Every entry should be duplicated verbatim, and no picture may appear in the copy.

§ **Data entries**:
════════
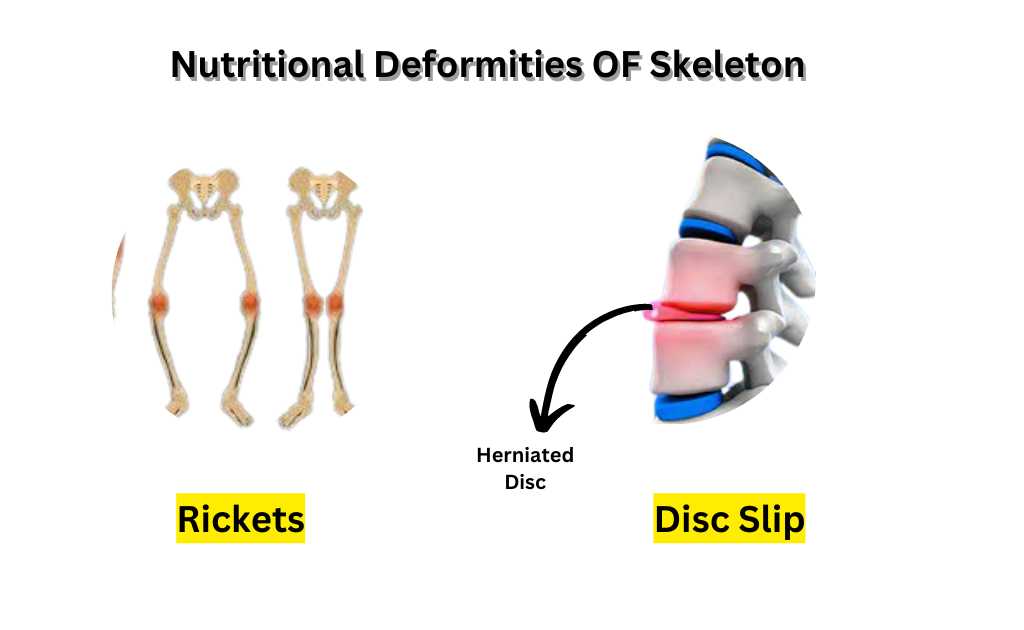 image showing Nutritional Deformities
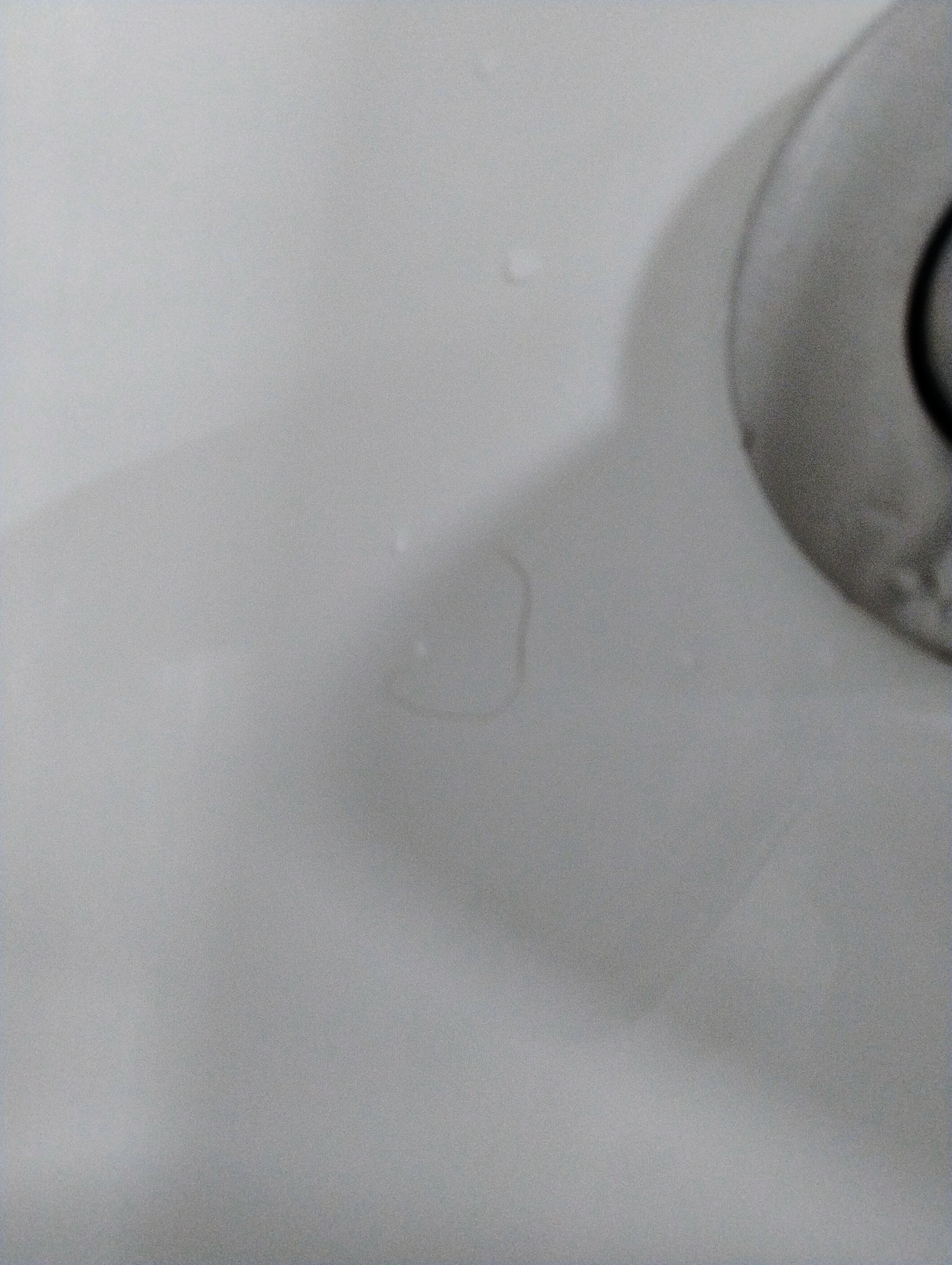 Hair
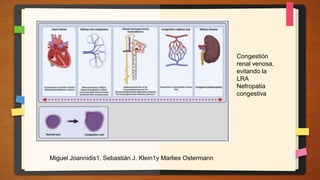 Congestión
renal venosa,
evitando la
LRA
Nefropatia
congestiva
Miguel Joannidis1, Sebastián J. Klein1y Marlies Ostermann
════════
§ **EXERCISE ANSWER**:
 image showing Nutritional Deformities
 Hair
 Congestión
renal venosa,
evitando la
LRA
Nefropatia
congestiva
Miguel Joannidis1, Sebastián J. Klein1y Marlies Ostermann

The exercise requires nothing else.